> **WORK INSTRUCTIONS**:
Your output should be the complete listing, word for word, with no pictures in it.

> **DATA EXTRACT**:
☆ ☆ ☆
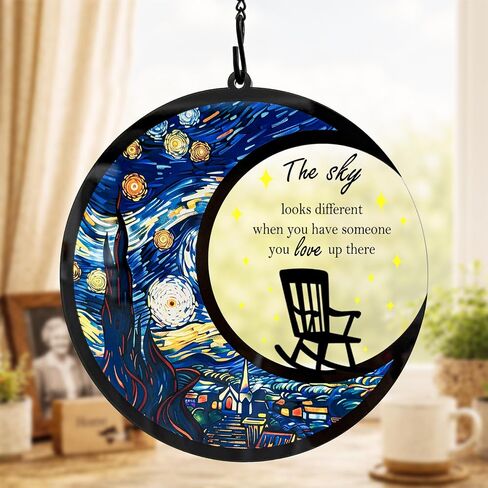 BamLue Cat Angle Memorial Suncatcher Window Hanging Decor, Loss of Cat Sympathy Sun Catchers Wall Art Gifts for Pet Lover in Kuwait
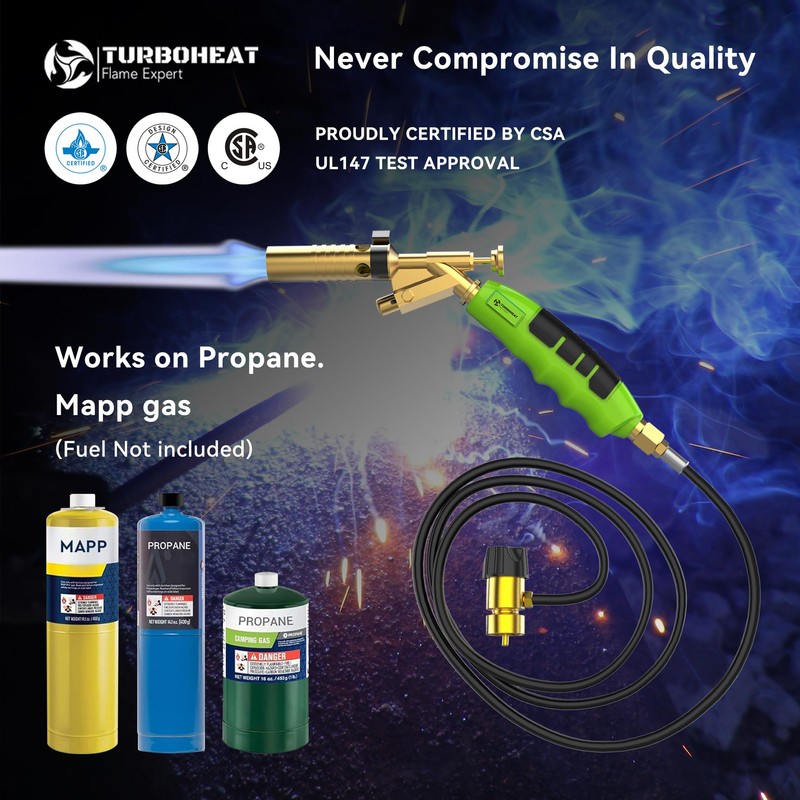 TURBOHEAT Propane Torch Hand Hose Heavy Duty MAPP Gas Torch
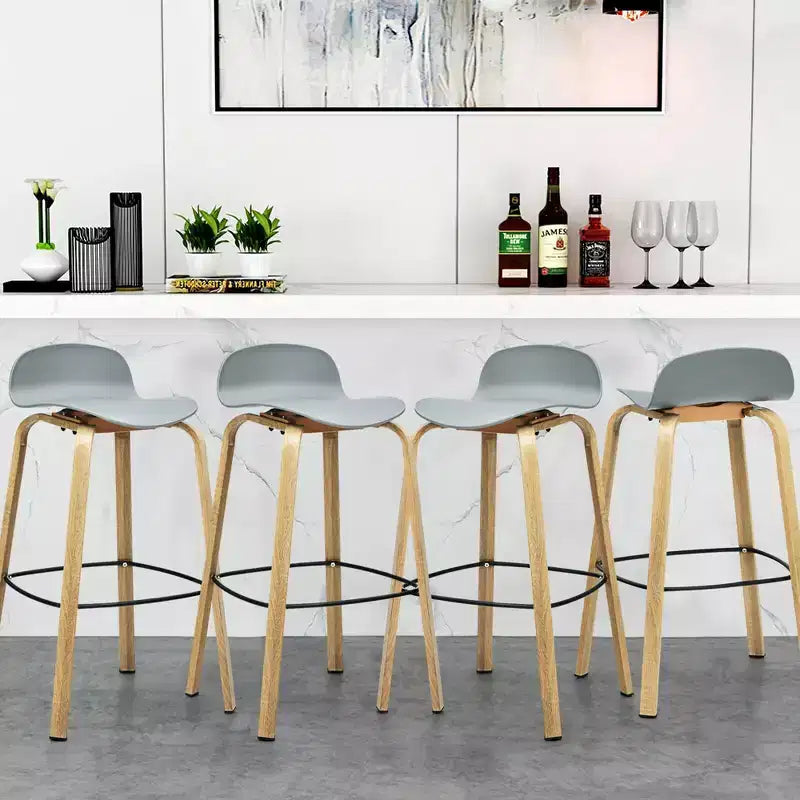 Costway Lot de 4 tabourets de bar modernes 76 cm Chaises de bistrot avec dossier bas et pieds en métal Gris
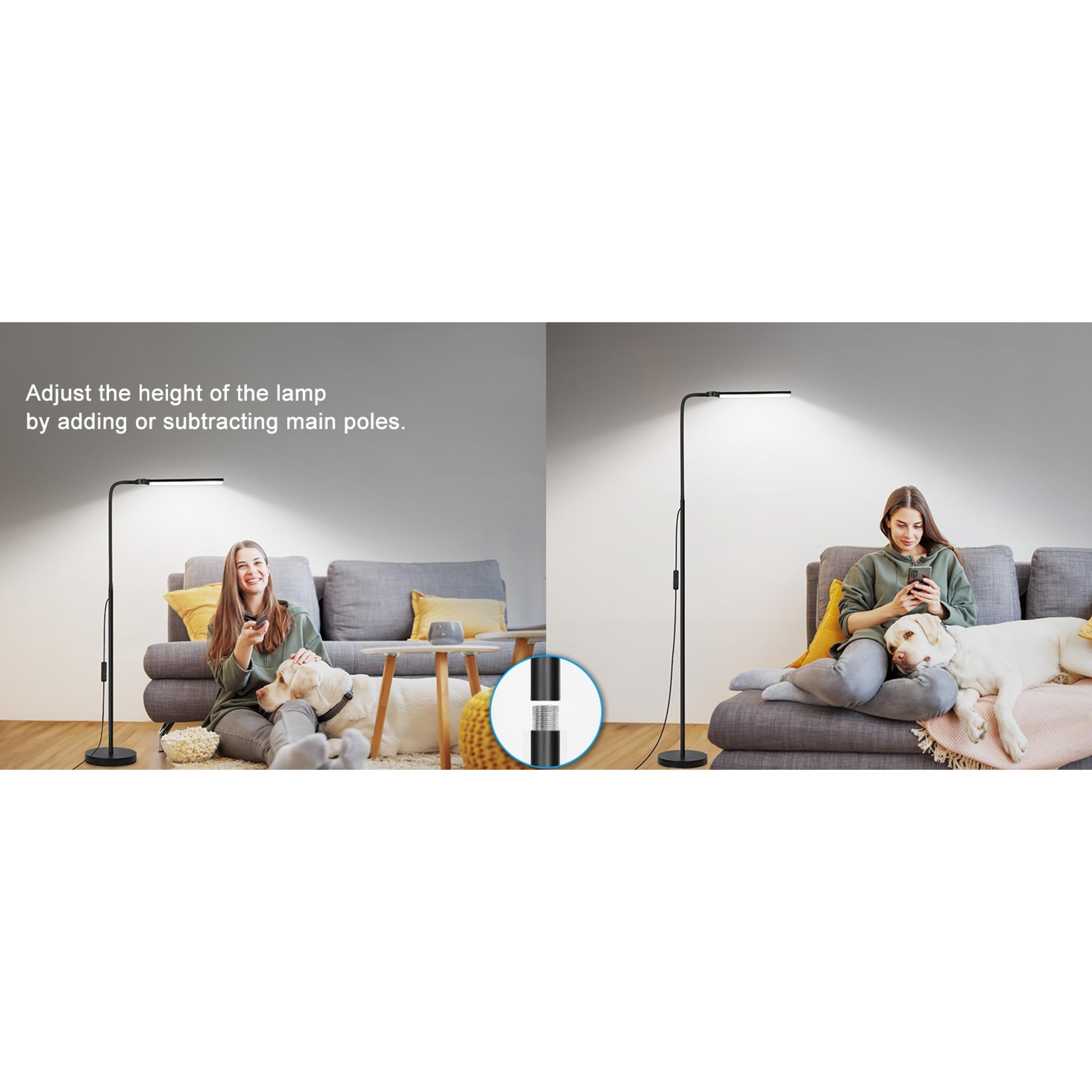 LED Floor Lamp, 18W/2000LM Bright Reading Floor Lamp for Office with Double Head, Adjustable Gooseneck Dimmable Modern Standing Light for Lash Extension Craft, Eye Caring Floor Lamps for Living Room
☆ ☆ ☆
> **ANSWER BOX**:
 BamLue Cat Angle Memorial Suncatcher Window Hanging Decor, Loss of Cat Sympathy Sun Catchers Wall Art Gifts for Pet Lover in Kuwait
 TURBOHEAT Propane Torch Hand Hose Heavy Duty MAPP Gas Torch
 Costway Lot de 4 tabourets de bar modernes 76 cm Chaises de bistrot avec dossier bas et pieds en métal Gris
 LED Floor Lamp, 18W/2000LM Bright Reading Floor Lamp for Office with Double Head, Adjustable Gooseneck Dimmable Modern Standing Light for Lash Extension Craft, Eye Caring Floor Lamps for Living Room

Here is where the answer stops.